À plusieurs reprises, dans les pages les plus contemporaines, la romancière étrille le révisionnisme historique encouragé par Berlusconi et ses alliés de droite dès leur arrivée au pouvoir. Comme l’a montré un autre historien, Olivier Forlin, les années 1990 ont de fait été le moment d’une « relativisation de l’héritage fasciste » et d’une mise en équivalence douteuse entre partisans et fascistes pendant la guerre civile de 1943-45, présentée comme un moment regrettable de division nationale.

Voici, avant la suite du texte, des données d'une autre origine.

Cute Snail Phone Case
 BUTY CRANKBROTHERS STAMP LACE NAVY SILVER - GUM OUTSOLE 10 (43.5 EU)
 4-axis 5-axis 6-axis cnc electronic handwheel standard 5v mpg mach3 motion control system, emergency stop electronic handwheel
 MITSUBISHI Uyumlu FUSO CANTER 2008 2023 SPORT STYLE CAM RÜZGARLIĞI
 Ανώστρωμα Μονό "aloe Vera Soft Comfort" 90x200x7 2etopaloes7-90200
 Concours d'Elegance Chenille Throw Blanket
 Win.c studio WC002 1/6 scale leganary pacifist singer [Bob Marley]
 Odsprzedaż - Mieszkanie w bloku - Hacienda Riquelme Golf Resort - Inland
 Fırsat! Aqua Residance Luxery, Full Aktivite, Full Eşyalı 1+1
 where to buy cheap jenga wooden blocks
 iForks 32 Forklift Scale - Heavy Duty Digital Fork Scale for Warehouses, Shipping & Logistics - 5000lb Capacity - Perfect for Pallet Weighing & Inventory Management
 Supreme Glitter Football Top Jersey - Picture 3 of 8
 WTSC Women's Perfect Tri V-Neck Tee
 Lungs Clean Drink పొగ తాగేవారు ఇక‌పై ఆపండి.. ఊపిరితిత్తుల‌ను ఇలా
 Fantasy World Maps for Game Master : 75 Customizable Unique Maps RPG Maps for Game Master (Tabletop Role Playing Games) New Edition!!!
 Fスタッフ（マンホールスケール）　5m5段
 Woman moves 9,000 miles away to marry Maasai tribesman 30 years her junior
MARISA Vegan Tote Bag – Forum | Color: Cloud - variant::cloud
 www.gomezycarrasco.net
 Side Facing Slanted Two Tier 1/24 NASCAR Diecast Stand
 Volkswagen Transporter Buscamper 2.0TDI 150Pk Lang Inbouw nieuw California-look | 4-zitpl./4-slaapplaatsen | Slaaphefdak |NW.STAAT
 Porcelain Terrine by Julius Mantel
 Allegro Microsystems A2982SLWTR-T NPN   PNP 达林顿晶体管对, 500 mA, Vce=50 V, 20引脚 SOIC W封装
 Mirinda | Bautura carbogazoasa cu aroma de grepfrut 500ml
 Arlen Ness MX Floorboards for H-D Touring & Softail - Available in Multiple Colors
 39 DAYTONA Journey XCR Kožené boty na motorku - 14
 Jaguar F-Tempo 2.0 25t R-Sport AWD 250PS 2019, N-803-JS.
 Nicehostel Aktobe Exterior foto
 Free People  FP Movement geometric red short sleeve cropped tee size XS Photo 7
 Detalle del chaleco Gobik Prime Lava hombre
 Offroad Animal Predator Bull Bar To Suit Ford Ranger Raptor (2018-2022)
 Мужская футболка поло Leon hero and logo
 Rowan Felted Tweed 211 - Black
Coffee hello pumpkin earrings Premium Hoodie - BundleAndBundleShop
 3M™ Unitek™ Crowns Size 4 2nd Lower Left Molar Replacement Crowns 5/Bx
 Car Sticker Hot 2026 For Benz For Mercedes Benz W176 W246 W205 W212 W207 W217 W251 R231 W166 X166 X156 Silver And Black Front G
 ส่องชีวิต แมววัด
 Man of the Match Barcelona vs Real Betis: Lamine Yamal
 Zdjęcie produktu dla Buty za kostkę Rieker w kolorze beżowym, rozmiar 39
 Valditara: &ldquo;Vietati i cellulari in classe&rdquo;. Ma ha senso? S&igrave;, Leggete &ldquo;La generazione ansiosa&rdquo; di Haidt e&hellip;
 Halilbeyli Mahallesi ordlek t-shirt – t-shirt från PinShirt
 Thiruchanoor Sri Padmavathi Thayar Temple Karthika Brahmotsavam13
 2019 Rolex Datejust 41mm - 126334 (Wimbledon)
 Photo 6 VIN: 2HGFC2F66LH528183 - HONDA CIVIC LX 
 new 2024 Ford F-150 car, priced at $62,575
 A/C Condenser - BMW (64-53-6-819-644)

De façon plus générale, c’est la dégénérescence morale incarnée par Berlusconi dont témoignent les personnages du roman. Parmi eux, l’amant d’Illaria, Piero Casati, est décrit comme un élu « entré en politique avec une idée d’efficacité conservatrice [...] ; où les excès des hommes d’État de la Première République seraient corrigés par un peu de marché sain, par l’allègement de la lourdeur du fonctionnement de l’administration », mais qui se retrouve plongé dans « un climat de Bas-Empire, de foire d’empoigne, avec des rats dans la soute qui rongent les dernières croûtes avant que le bateau ne s’écrase sur les rochers ».
Les adversaires de centre-gauche de Berlusconi ne sont pour autant pas épargnés dans le roman. À plusieurs occasions, Melandri souligne leur responsabilité partagée dans l’absence de travail mémoriel satisfaisant, et dans la mise en œuvre de lois désastreuses pour la dignité et l’intégrité physique des migrants ayant tenté leur chance depuis l’autre côté de la Méditerranée.
Épique et subtil autant qu’éprouvant, Tous, sauf moi s’inscrit dans un mouvement de pluralisation de la mémoire italienne, que d’autres romanciers et chercheurs ont lancé à la lumière d’une histoire impériale réévaluée. L’originalité de Melandri est de montrer en quoi le legs colonial pèse encore dans l’inconscient, les représentations et les affects contemporains. Il est heureux que les lectrices et lecteurs français y aient aujourd’hui accès, deux ans après sa parution en Italie.